Penyaluran kurang bayar DBH tersebut dilakukan berdasarkan Keputusan Menteri Keuangan (KMK) Nomor 38/KM.7/2023 tentang Penyaluran Kurang Bayar DBH dan Penyelesaian Lebih Bayar DBH Tahun 2023 secara non-tunai melalui fasilitas Treasury Deposit Facility (TDF) sebesar Rp126,7 miliar.

Baca juga:  Dengan Berbangga Hati, Wagub Sani Akui Kemajuan UIN STS Jambi

Sesuai Diktum Kedua Belas dalam KMK tersebut, dana diarahkan penggunaannya untuk perbaikan pelayanan publik, pembangunan infrastruktur, dukungan pendanaan Pilkada serentak 2024, dan/atau investasi.

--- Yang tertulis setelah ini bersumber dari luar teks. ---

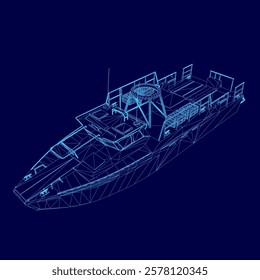 Blue boat is displayed in a blue background. The boat is a 3D model and is shown in a blue color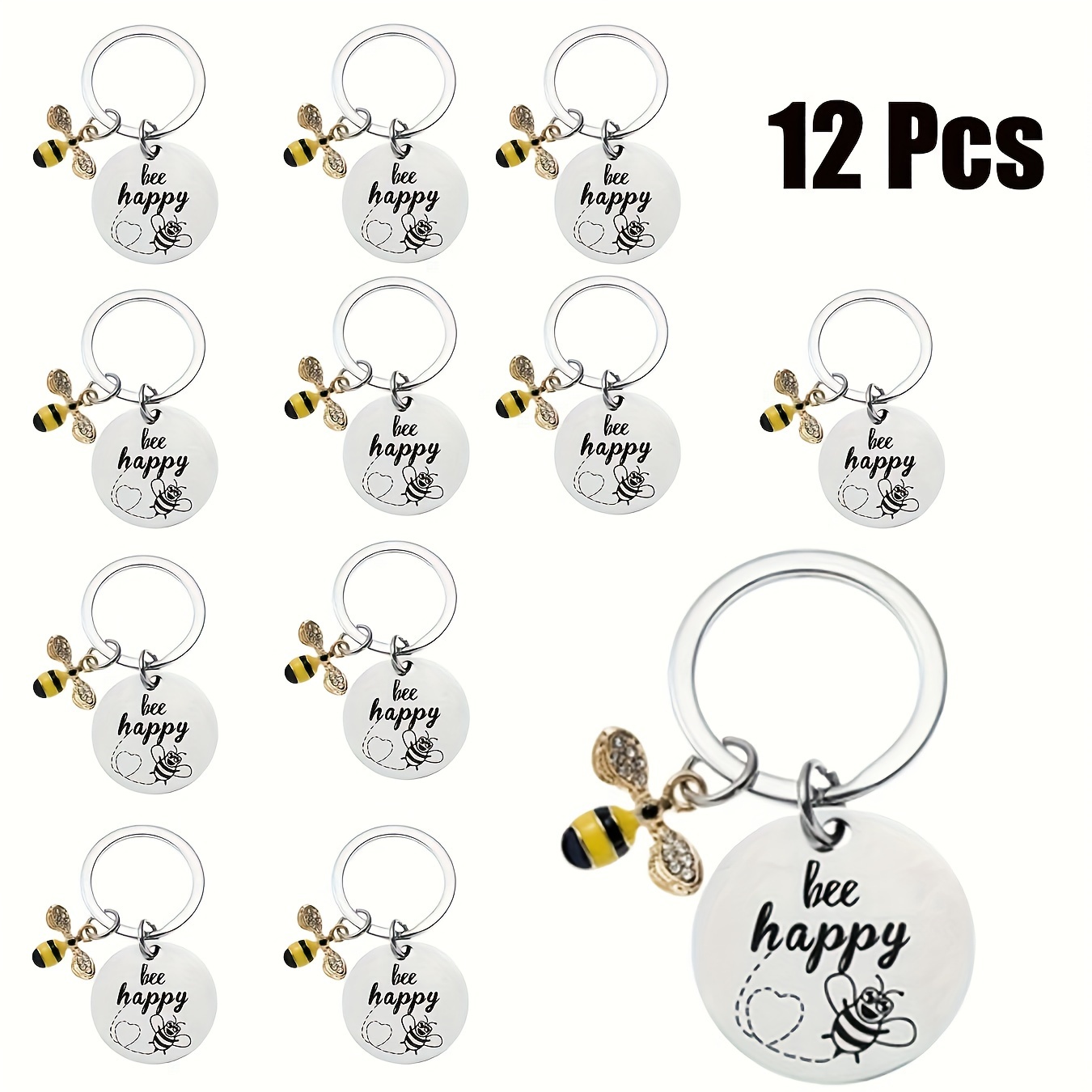 

12-piece Bee Happy Inspirational Keychain Set - Stainless Steel, Round Pendant With Classic Quotes For Women & Girls - Perfect Christmas Gift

Selain itu, Pemprov Jambi juga menerima tambahan alokasi DBH tahun 2023 melalui PMK Nomor 159 Tahun 2023 sebesar Rp52,7 miliar. Tambahan tersebut disalurkan secara tunai ke RKUD sebesar Rp36,36 juta, dan secara non-tunai ke rekening TDF sebesar Rp52,67 miliar.

Sesuai Pasal 2 ayat (5) dalam PMK tersebut, tambahan DBH itu juga diarahkan untuk keperluan serupa, yakni peningkatan layanan publik, infrastruktur, dukungan Pilkada 2024, serta investasi.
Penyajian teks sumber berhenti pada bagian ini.